Konfiguration der Ausrüstung: Ermöglichung der Fertigung von großen Strukturen bis hin zu Präzisionsteilen
INNOSPACE hat drei Metall-3D-Drucker von Eplus3D eingesetzt, um sein additives Fertigungssystem für Luft- und Raumfahrtanwendungen zu etablieren - einen großformatigen EP-M450 und zwei mittelgroße EP-M300. Der großformatige EP-M450 ermöglicht das integrierte Drucken großer Strukturkomponenten und eignet sich daher besonders für die Gesamtproduktion von Raketenteilen. Durch die Minimierung der Montage und des Schweißens mehrerer Teile werden die strukturelle Festigkeit und die Produktionseffizienz verbessert.
Die EP-M300-Systeme eignen sich auch hervorragend für die Präzisionsfertigung kleinerer, komplexer Komponenten und unterstützen eine vielseitige Produktionseinrichtung. Alle Maschinen unterstützen eine Vielzahl von für die Luft- und Raumfahrt geeigneten Metallwerkstoffen und erfüllen die strengen Anforderungen an Leichtbau, Hochtemperaturbeständigkeit und Maßgenauigkeit in der Luft- und Raumfahrtfertigung.
Beschleunigung der Produktion von Raketenkomponenten und Senkung der Kosten
Nach dem Einsatz von 3D-Metalldruckern gründete INNOSPACE seine Advanced Manufacturing Division, die sich der internen Produktion von Raketentriebwerken und Kernkomponenten für Trägerraketen widmet. Durch den Einsatz der Metal Powder Bed Fusion (MPBF)-Technologie hat INNOSPACE seinen Fertigungsansatz revolutioniert: Das Material wird Schicht für Schicht nur dort aufgebaut, wo es benötigt wird. Dies ermöglicht eine bedarfsgerechte Produktion, rationalisiert die Arbeitsabläufe, maximiert die Materialeffizienz und senkt die Arbeits- und Verarbeitungskosten erheblich.
Kürzlich hat INNOSPACE erfolgreich 13 Schlüsselkomponenten für die HANBIT-Trägerrakete entwickelt und produziert, darunter kritische Oxidationsmittelpumpen der ersten und zweiten Stufe und deren hochpräzise Drehteile.

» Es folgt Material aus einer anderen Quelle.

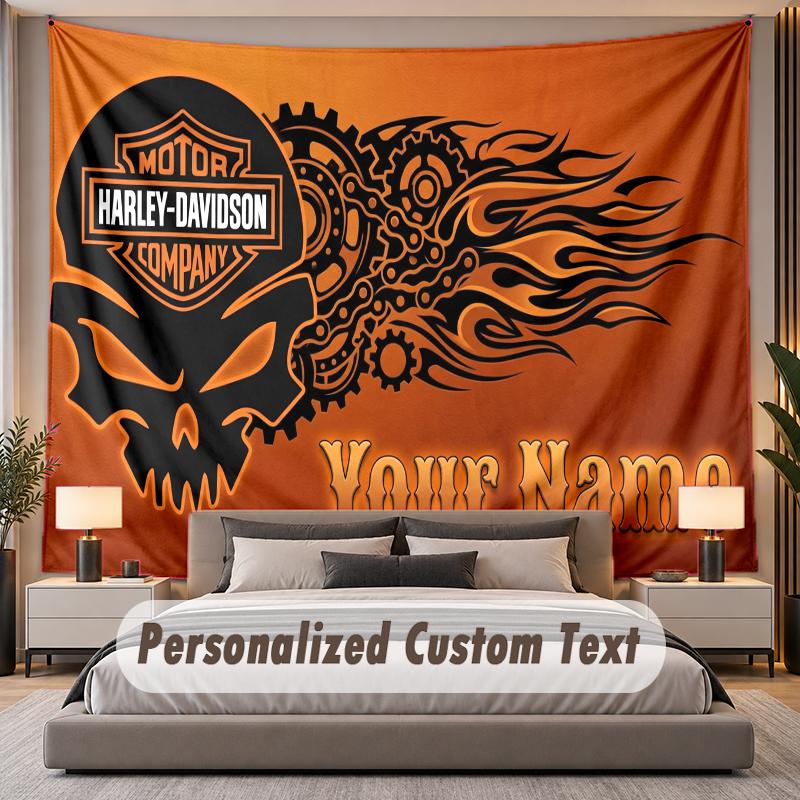 Custom Name Text Tapestry Harley-Davidson Personalized Polyester Wall Tapestry For Bedroom And Room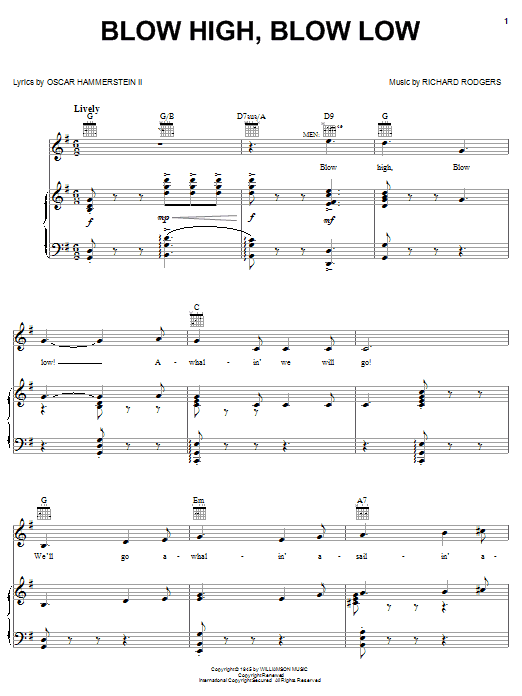 Rodgers & Hammerstein Blow High, Blow Low Sheet Music Notes & Chords for Piano, Vocal & Guitar (Right-Hand Melody) - Download or Print PDF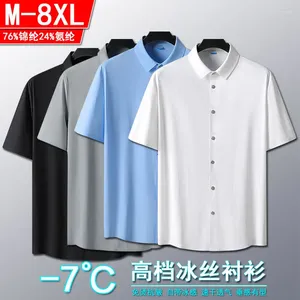 Chemises décontractées pour hommes Silk à glace haut de gamme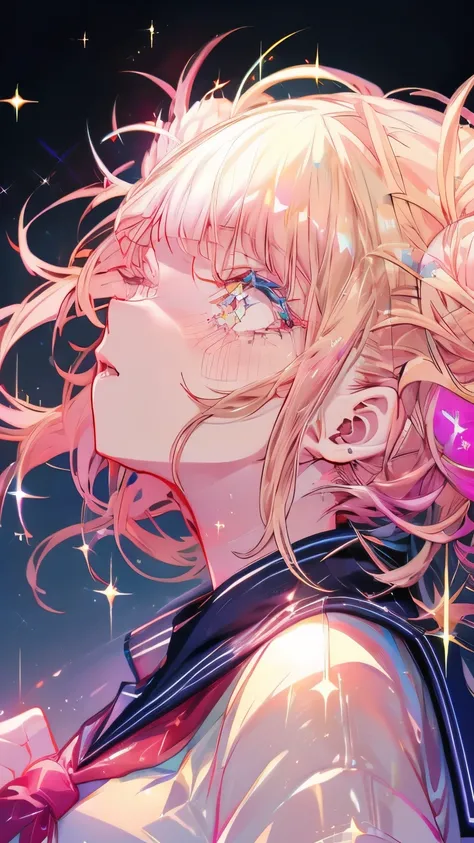 Himiko toga, Detailed and beautiful facial depiction, Shine like a star, Watching over us as we float in the night sky, Shining Star々, Bringing Happiness, High school student sailor uniform, Shoulder cutouts, Shiny Blonde, Hair Accessories, Shining Starのオー...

Es wird erwartet, dass dieser Ansatz die Produktionskosten im Vergleich zu herkömmlichen Fertigungsmethoden um bis zu 50 % senken und gleichzeitig die Prozesszuverlässigkeit und Produktkonsistenz verbessern sowie die Produktionsvorlaufzeiten verkürzen wird.
Der Geschäftsbereich hat offiziell den Betrieb in vollem Umfang aufgenommen, nachdem die Zuverlässigkeit seiner Qualität durch eine gemäß ISO/ASTM 52941-20 durchgeführte Werks-/Betriebsabnahmeprüfung nachgewiesen wurde. Dies ist ein wichtiger Meilenstein auf dem Weg von INNOSPACE zur Serienproduktion von Raketentriebwerken und Komponenten für Trägerraketen.
Wegweisend für die Zukunft mit Metall-3D-Druck
Diese Zusammenarbeit stärkt nicht nur die kommerzielle Wettbewerbsfähigkeit von INNOSPACE, sondern unterstreicht auch die technische Expertise von Eplus3D in der High-End-Fertigung für globale Luft- und Raumfahrtanwendungen.
INNOSPACE hat sich drei Hauptziele gesetzt, die bis zum Ende des Jahres erreicht werden sollen:
1. Stabilisierung der Serienproduktion von Trägerraketen-Triebwerken und Kernkomponenten durch 3D-Drucktechnologie,
2. Einrichtung eines datengesteuerten Qualitätsmanagementsystems und
3. Kontinuierliche Optimierung der Herstellungskosten bei gleichzeitiger Verkürzung der Lieferfristen.
Eplus3D wird weiterhin starke technische Unterstützung leisten, während beide Unternehmen zusammenarbeiten, um die Fertigung in der Luft- und Raumfahrt auf die nächste Stufe zu heben.